Tasks have a status based on which step of the execution it currently is. Awaiting an incomplete task will halt the algorithm execution, the thread will be deallocated from the current execution and will be freed to execute other activities.
When the operation is completed, another thread will be allocated to continue the execution from where it stopped.
Awaiting a completed task will not rerun it, and the currently running thread will not be released. If the task has a result value, awaiting it will return the produced value synchronously.
Awaiting a task that threw an exception internally will throw the exception into the main execution.
Relationship with ThreadPool
.NET applications have a ThreadPool feature, which contains pre-created threads for fast thread allocation.
Those threads are generally used by the .NET process and its pool size is limited, so its recommended to not use them for operations that take too much time to execute, otherwise the pool might eventually become empty and the system will suffer with slowness or errors.
While there is no hard rule on how much time constitutes a slow or a fast operation, but it is commonly accepted that any operation under 500ms is considered short enough to be resolved by a ThreadPool thread.
Under most circunstances, tasks will use the ThreadPool threads to finish the workload. Be mindful of what kind of operation is being executed by them to avoid long running operations.
Note that a single task can have multiple internal asynchronous operations. In such cases, a thread will be allocated when an async operation is completed and released when it is required to await the next asyncronous operation.
Even if the task itself might take a while to complete, each allocation time can be short enough to safely use the ThreadPool.
public async Task RunOperationAsync()
{
// Handled by Thread 1
var firstResult = await FirstFunctionAsync();
// Handled by Thread 2
var secondResult = await SecondFunctionAsync();
// Handled by Thread 3
var thirdResult = await ThirdFunctionAsync();
}The way tasks interact with threads can change depending on how they are created, as specified below.
Calling the constructor
Creating tasks by calling it's constructor is not recommended. Instead, it is better to use asynchronous functions or the Task static methods, as described below.
Task.FromResult and other presets
Static methods like Task.FromResult() and properties like Task.CompletedTask return instances of Tasks without executing any asynchonous code.
This can be useful for situations when the method signature cannot be changed to a synchronous method, but the implementation do not have any asynchronous function, or the value was already generated synchronously.
When a task is generated this way, it comes with a RanToCompletion state.
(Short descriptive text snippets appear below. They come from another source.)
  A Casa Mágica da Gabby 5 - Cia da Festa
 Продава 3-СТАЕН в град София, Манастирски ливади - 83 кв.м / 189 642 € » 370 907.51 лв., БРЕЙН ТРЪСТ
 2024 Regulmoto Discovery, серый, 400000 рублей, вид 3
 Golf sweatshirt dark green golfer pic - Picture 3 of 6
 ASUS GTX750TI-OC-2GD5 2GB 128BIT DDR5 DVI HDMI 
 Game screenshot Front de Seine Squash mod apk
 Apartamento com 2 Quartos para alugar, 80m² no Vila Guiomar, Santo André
Note that awaiting completed tasks is run synchronously.
public async Task<int> GetValueAsync()
{
return await Task.FromResult(1);
}
public async Task ExecuteAsync()
{
// Run synchronously
var value = await GetValueAsync();
}
Task.Run()
This method will allocate a thread from the ThreadPool to run an operation, and as such, is not recommended for long running scenarios.
Task<int> task = Task.Run(() => 1 + 1);
var value = await task;Be very careful when using an asynchonous method or lambda as a parameter, because it might match with the synchronous overload and generate a task that is not related to the execution of the parameter.
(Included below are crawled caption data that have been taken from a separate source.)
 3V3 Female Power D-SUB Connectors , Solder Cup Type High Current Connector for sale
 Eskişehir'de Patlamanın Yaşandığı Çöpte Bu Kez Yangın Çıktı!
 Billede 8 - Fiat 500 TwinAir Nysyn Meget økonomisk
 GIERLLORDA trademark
For such cases, it is safer to directly call the asynchronous method or lambda instead of running Task.Run().
Func<Task<int>> asyncFunction = async () => Task.FromResult(1+1);
var value = await asyncFunction();Task.Factory.StartNew()
Enables the customization of the task through the use of TaskCreationOptions.
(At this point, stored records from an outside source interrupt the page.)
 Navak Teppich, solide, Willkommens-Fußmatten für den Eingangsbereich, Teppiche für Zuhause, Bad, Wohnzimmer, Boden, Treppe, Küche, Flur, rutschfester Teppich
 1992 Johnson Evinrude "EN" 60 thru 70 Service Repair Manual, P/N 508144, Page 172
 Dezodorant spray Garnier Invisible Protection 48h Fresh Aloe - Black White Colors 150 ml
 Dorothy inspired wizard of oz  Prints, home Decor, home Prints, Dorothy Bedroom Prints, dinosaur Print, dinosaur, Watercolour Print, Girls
By using TaskCreationOptions.LongRunning, instead of using a thread from the ThreadPool, a brand new thread will be created to execute the task. This configuration is recommended for long running operations, because it avoids overusing the threads of the ThreadPool.
Creating new threads are not recommended for short running operations, because the effort of creating a new thread might be more expensive than executing the operation itself. For such scenarios, using the ThreadPool might be a better option.
var task = Task.Factory.StartNew
(
() => LongRunningMethod(),
TaskCreationOptions.LongRunning
);
var value = await task;Asynchronous functions
When an asynchronous function is called, the currently running thread will run the algorithm synchronously until it is forced to await an operation that cannot run synchronously, such as an I/O operation or a task already running.
When the thread has to await the asynchronous task, the execution is halted and the thread is released. After the asynchronous task is completed, a thread from the ThreadPool is allocated to continue running from where the task stopped.
Note that asynchronous functions never create brand new threads by itself, and always consume threads from the ThreadPool.
public async Task ExampleAsync()
{
// Run synchronously by the main thread
var value = 1 + 1;
// Release the thread until the task is completed
await File.WriteLineAsync("path", value.ToString());
// Executed by a thread from the ThreadPool
Console.WriteLine(value.ToString());
}It is also possible to call an asynchronous function without imediatelly awaiting it. In this case, instead of being released, the running thread will skip the non-synchronous operation, and move to the next line after the asynchronous method call.
In the meantime, when the underlying task is completed, a thread from the ThreadPool is allocated to finish executing the task.
If the process was awaiting the result, the allocated thread becomes the new main thread and continues executing the process. Otherwise it is released and returns to the thread pool.
public async Task<int> ExampleAsync()
{
/*
Since the task was not awaited yet,
the main thread exits this method
to continue running the
next lines of code
*/
await Task.Sleep(1_000);
/*
After the asynchronous operation
completes, the task will be handled
by a thread from the ThreadPool
*/
return value;
/*
At this point, is the program is
halted awaiting this result,
the thread allocated before becomes
the main thread. Otherwise, the
thread returns to the pool.
*/
}When calling multiple asynchronous functions without awaiting, all the operations after the awaited line are executed by threads of the ThreadPool, and multiple threads may end up being used at the same time.
public async Task ExecuteAsync()
{
var task1 = ExampleAsync();
var task2 = ExampleAsync();
var task3 = ExampleAsync();
await Task.WhenAll(task1, task2, task3);
}
public async Task<int> ExampleAsync()
{
await Task.Sleep(1_000);
// Each task will receive an available task from the ThreadPool
Console.WriteLine("Completed");
}